**Assignment:** Retype the entries, please, from their first line to the line containing "Hình ảnh game", exactly and only those lines, minus the pictures.

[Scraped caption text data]

########

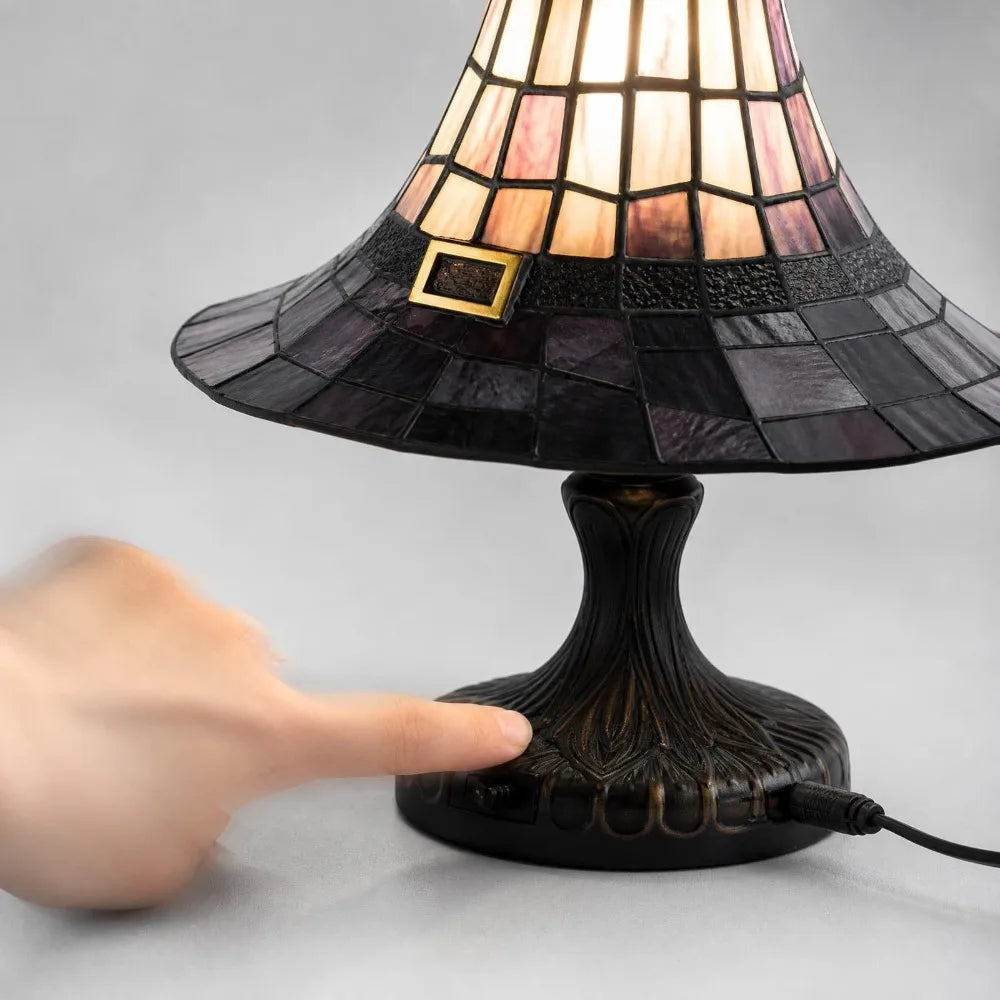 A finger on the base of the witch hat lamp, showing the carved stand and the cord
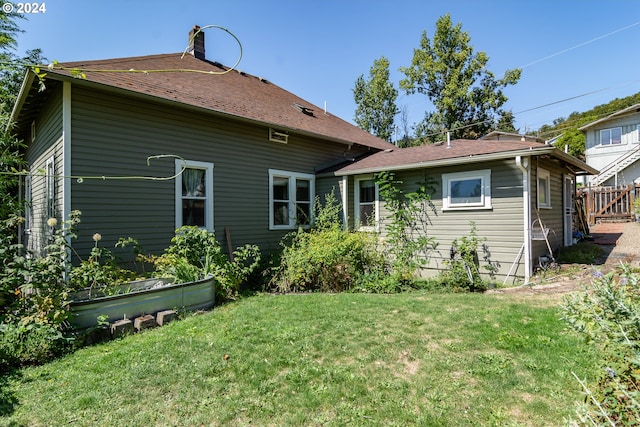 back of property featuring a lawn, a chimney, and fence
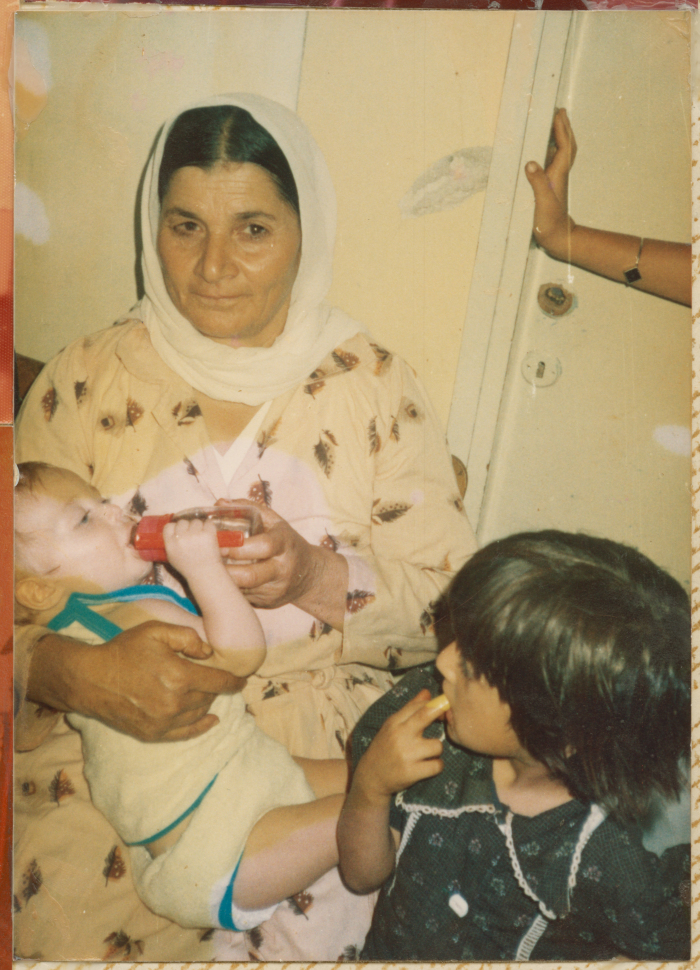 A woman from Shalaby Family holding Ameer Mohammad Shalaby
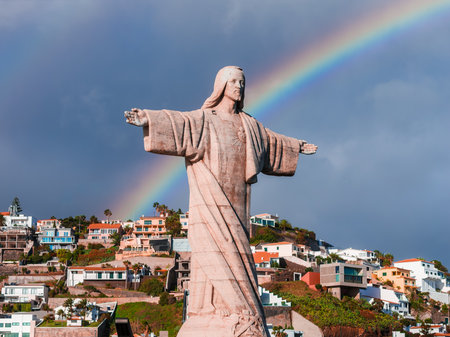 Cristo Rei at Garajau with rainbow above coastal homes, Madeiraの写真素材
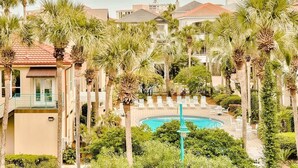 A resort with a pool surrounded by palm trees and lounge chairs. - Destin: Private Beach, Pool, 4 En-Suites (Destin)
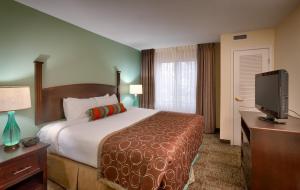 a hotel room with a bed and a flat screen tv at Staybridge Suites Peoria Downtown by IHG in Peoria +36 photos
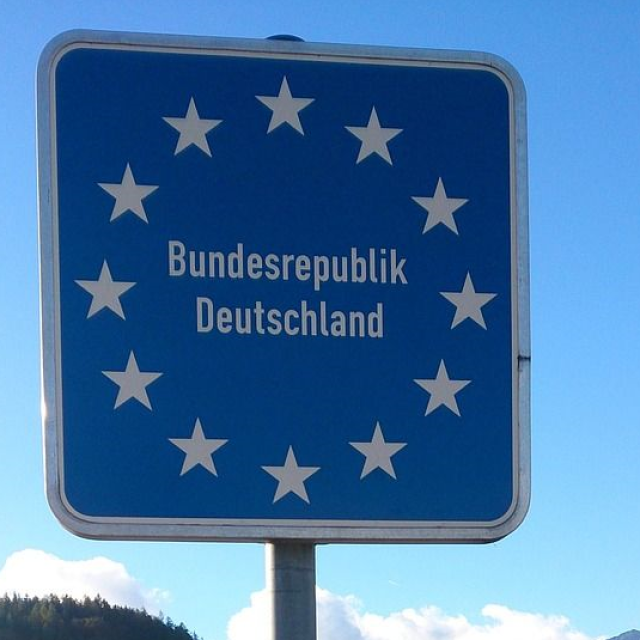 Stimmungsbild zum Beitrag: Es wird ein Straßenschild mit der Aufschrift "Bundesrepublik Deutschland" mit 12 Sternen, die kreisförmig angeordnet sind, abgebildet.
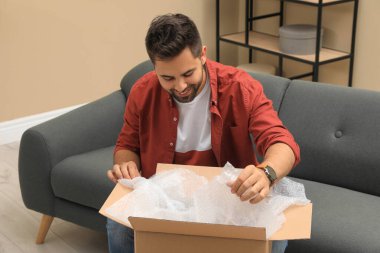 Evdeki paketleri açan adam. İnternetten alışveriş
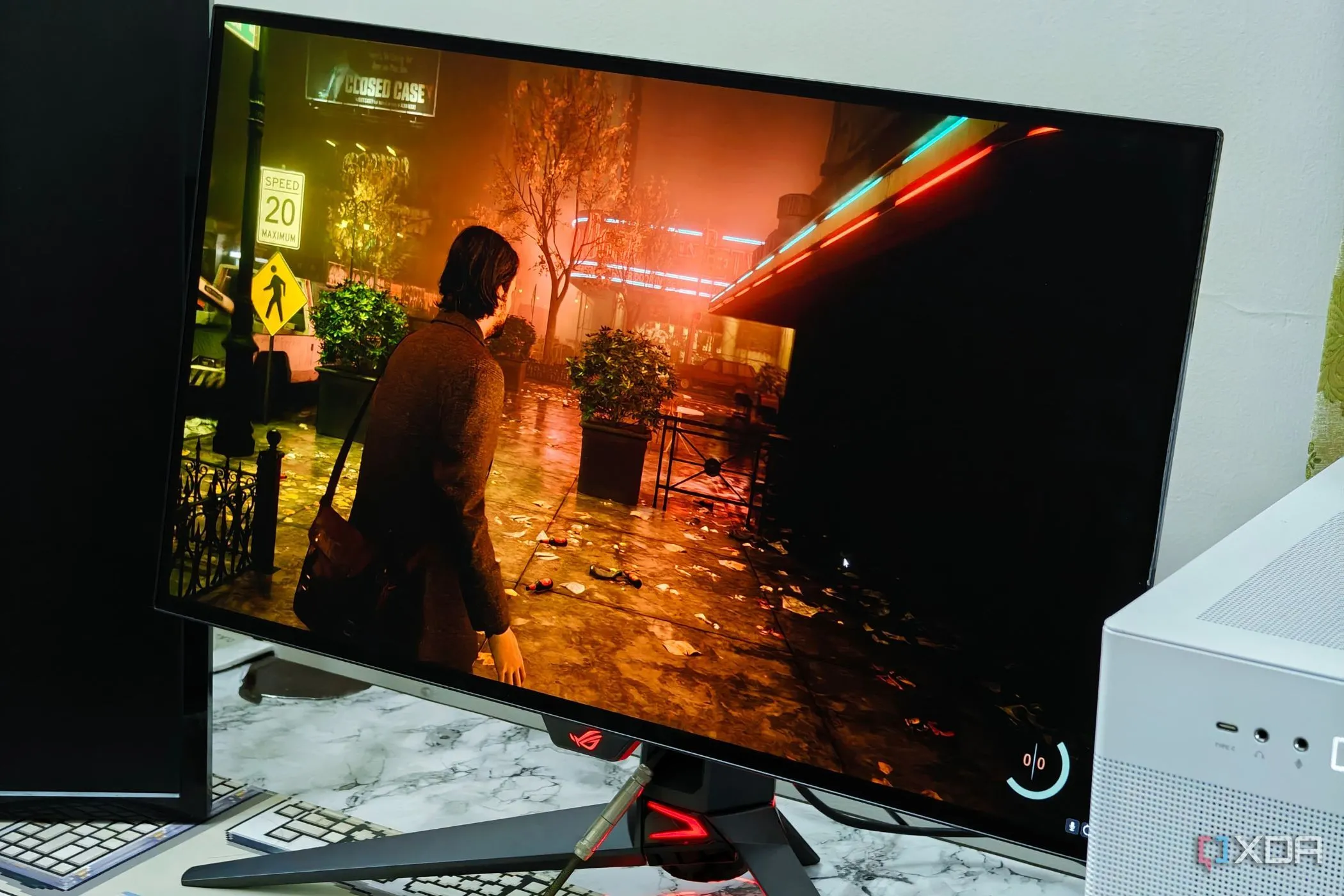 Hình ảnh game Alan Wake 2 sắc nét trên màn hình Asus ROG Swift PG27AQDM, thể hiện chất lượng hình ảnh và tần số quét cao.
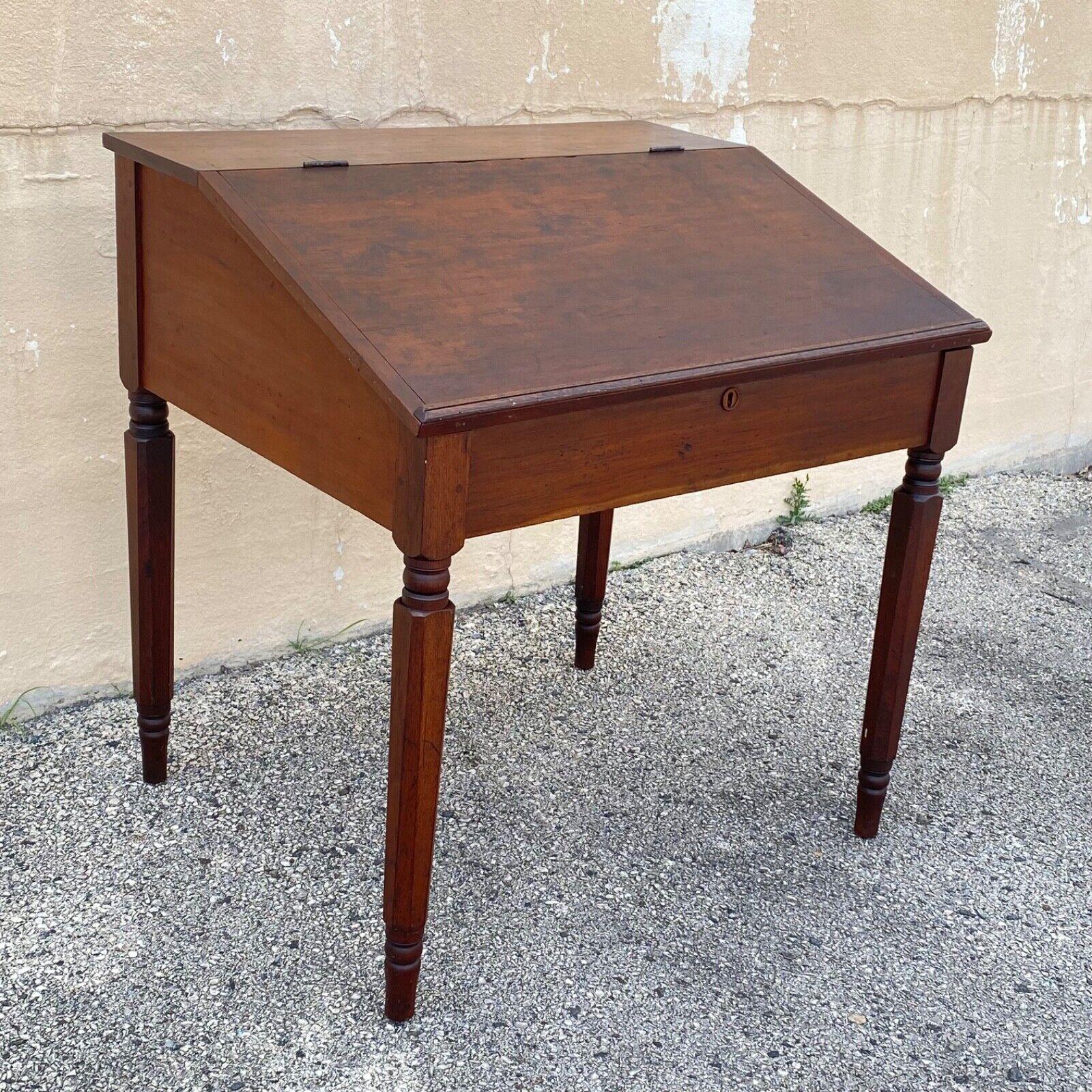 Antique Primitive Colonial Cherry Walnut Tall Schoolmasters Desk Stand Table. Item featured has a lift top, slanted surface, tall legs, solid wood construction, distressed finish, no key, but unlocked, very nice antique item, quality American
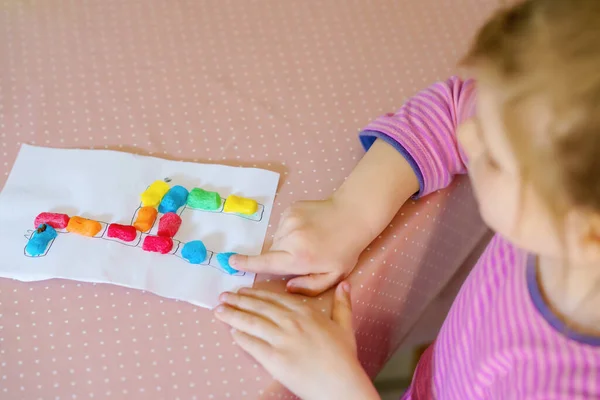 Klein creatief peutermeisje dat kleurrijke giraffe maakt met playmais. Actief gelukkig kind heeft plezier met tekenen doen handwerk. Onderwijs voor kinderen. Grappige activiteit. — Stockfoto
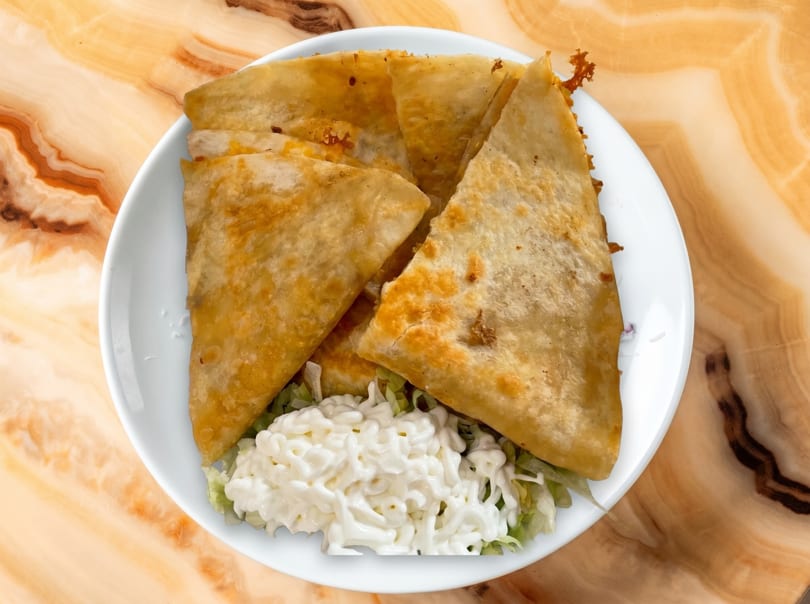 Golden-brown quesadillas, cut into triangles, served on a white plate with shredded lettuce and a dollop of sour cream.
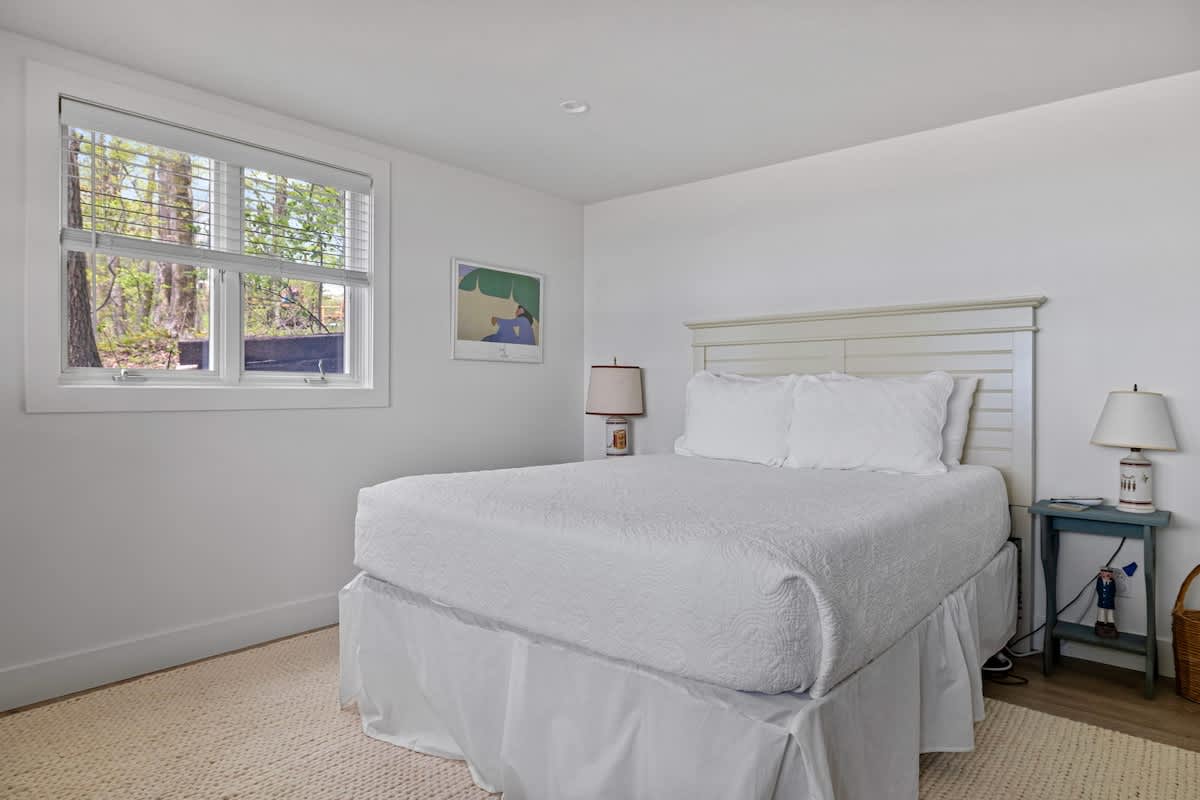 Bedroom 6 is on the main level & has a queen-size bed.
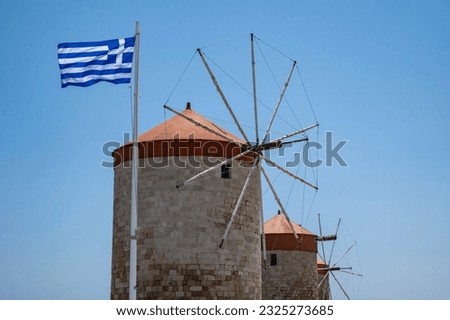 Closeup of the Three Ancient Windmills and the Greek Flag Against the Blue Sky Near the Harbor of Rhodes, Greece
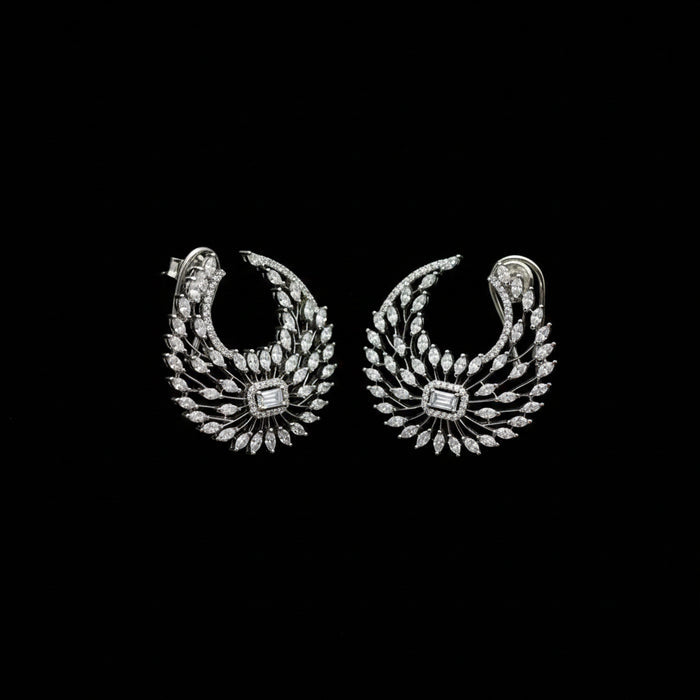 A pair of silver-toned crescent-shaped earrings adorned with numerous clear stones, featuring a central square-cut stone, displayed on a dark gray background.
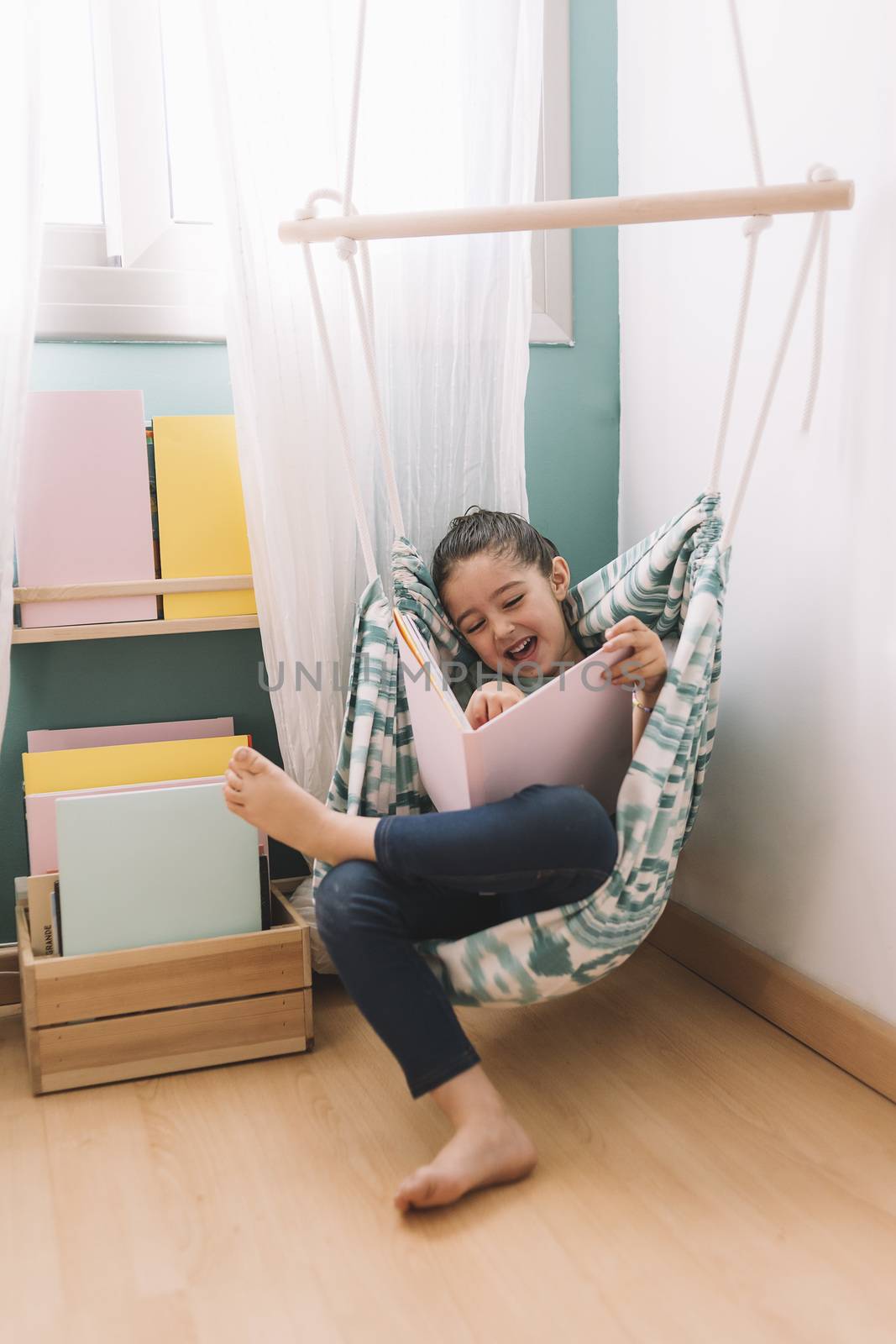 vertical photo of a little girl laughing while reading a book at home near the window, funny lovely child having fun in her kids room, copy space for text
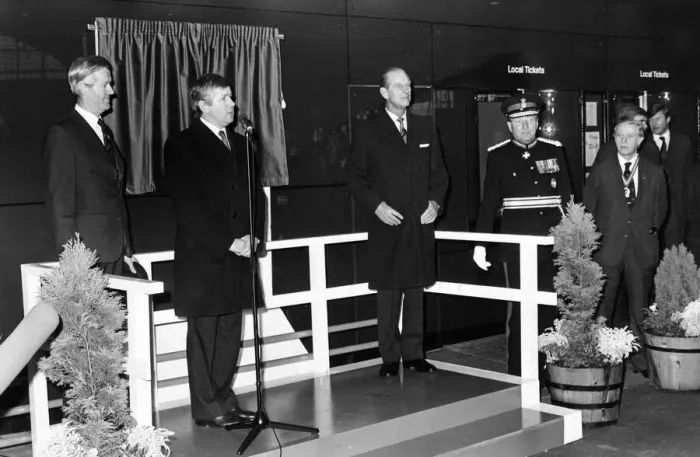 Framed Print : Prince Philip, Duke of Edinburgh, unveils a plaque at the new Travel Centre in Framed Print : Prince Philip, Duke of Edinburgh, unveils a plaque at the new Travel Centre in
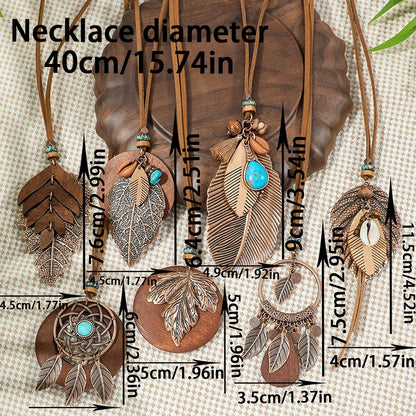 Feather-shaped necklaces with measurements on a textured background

########

**Solution to this exercise:**
 A finger on the base of the witch hat lamp, showing the carved stand and the cord
 back of property featuring a lawn, a chimney, and fence
 A woman from Shalaby Family holding Ameer Mohammad Shalaby
 Cristo Rei at Garajau with rainbow above coastal homes, Madeiraの写真素材
 A resort with a pool surrounded by palm trees and lounge chairs. - Destin: Private Beach, Pool, 4 En-Suites (Destin)
 a hotel room with a bed and a flat screen tv at Staybridge Suites Peoria Downtown by IHG in Peoria +36 photos
 Stimmungsbild zum Beitrag: Es wird ein Straßenschild mit der Aufschrift "Bundesrepublik Deutschland" mit 12 Sternen, die kreisförmig angeordnet sind, abgebildet.
 Evdeki paketleri açan adam. İnternetten alışveriş
 Hình ảnh game Alan Wake 2 sắc nét trên màn hình Asus ROG Swift PG27AQDM, thể hiện chất lượng hình ảnh và tần số quét cao.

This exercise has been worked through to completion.